Aim of the task: Each line of the material, from the first through the one containing "Onkatsu Farm Uji", is to be written out exactly.

---------- Given data ----------

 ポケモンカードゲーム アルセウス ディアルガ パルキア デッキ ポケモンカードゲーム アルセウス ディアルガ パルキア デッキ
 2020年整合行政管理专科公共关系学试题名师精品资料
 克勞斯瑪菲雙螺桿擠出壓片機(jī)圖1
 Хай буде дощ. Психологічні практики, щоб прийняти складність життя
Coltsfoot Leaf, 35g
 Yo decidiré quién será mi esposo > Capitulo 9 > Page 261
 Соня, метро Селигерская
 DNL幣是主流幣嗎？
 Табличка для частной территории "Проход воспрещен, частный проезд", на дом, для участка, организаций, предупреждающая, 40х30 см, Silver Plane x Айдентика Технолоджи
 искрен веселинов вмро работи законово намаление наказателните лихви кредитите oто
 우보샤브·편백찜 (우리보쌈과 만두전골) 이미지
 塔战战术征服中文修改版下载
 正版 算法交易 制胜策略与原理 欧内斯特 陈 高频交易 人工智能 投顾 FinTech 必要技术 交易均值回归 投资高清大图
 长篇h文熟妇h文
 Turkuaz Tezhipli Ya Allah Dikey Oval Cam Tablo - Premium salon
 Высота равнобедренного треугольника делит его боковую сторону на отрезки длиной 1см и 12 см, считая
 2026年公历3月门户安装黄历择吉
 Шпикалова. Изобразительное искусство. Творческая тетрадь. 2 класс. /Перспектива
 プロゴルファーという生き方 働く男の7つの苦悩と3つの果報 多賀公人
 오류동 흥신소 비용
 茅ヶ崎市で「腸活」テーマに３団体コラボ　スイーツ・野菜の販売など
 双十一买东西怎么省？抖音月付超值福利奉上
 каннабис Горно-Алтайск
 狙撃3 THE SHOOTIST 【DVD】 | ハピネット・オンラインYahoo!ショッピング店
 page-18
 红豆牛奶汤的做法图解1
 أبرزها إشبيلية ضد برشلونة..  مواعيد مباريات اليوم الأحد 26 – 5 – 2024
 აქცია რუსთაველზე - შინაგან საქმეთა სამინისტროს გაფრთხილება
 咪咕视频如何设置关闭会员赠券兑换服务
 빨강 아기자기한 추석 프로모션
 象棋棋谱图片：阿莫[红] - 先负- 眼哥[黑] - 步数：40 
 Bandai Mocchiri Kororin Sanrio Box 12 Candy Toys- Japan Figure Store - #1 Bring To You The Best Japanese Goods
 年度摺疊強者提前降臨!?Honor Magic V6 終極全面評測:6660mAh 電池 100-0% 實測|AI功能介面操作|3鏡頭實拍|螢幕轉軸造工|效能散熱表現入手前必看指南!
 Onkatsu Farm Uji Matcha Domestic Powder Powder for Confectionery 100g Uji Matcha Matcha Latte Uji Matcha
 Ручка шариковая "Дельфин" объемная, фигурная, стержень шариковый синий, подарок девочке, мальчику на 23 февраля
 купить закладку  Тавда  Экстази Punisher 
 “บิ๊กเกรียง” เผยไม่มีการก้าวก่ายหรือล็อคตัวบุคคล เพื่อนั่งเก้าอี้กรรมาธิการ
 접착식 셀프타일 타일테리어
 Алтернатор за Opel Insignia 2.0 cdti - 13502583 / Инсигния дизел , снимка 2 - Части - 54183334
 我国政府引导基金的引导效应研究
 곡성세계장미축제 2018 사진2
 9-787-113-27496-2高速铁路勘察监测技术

----------

The completed task:
 ポケモンカードゲーム アルセウス ディアルガ パルキア デッキ ポケモンカードゲーム アルセウス ディアルガ パルキア デッキ
 2020年整合行政管理专科公共关系学试题名师精品资料
 克勞斯瑪菲雙螺桿擠出壓片機(jī)圖1
 Хай буде дощ. Психологічні практики, щоб прийняти складність життя
Coltsfoot Leaf, 35g
 Yo decidiré quién será mi esposo > Capitulo 9 > Page 261
 Соня, метро Селигерская
 DNL幣是主流幣嗎？
 Табличка для частной территории "Проход воспрещен, частный проезд", на дом, для участка, организаций, предупреждающая, 40х30 см, Silver Plane x Айдентика Технолоджи
 искрен веселинов вмро работи законово намаление наказателните лихви кредитите oто
 우보샤브·편백찜 (우리보쌈과 만두전골) 이미지
 塔战战术征服中文修改版下载
 正版 算法交易 制胜策略与原理 欧内斯特 陈 高频交易 人工智能 投顾 FinTech 必要技术 交易均值回归 投资高清大图
 长篇h文熟妇h文
 Turkuaz Tezhipli Ya Allah Dikey Oval Cam Tablo - Premium salon
 Высота равнобедренного треугольника делит его боковую сторону на отрезки длиной 1см и 12 см, считая
 2026年公历3月门户安装黄历择吉
 Шпикалова. Изобразительное искусство. Творческая тетрадь. 2 класс. /Перспектива
 プロゴルファーという生き方 働く男の7つの苦悩と3つの果報 多賀公人
 오류동 흥신소 비용
 茅ヶ崎市で「腸活」テーマに３団体コラボ　スイーツ・野菜の販売など
 双十一买东西怎么省？抖音月付超值福利奉上
 каннабис Горно-Алтайск
 狙撃3 THE SHOOTIST 【DVD】 | ハピネット・オンラインYahoo!ショッピング店
 page-18
 红豆牛奶汤的做法图解1
 أبرزها إشبيلية ضد برشلونة..  مواعيد مباريات اليوم الأحد 26 – 5 – 2024
 აქცია რუსთაველზე - შინაგან საქმეთა სამინისტროს გაფრთხილება
 咪咕视频如何设置关闭会员赠券兑换服务
 빨강 아기자기한 추석 프로모션
 象棋棋谱图片：阿莫[红] - 先负- 眼哥[黑] - 步数：40 
 Bandai Mocchiri Kororin Sanrio Box 12 Candy Toys- Japan Figure Store - #1 Bring To You The Best Japanese Goods
 年度摺疊強者提前降臨!?Honor Magic V6 終極全面評測:6660mAh 電池 100-0% 實測|AI功能介面操作|3鏡頭實拍|螢幕轉軸造工|效能散熱表現入手前必看指南!
 Onkatsu Farm Uji Matcha Domestic Powder Powder for Confectionery 100g Uji Matcha Matcha Latte Uji Matcha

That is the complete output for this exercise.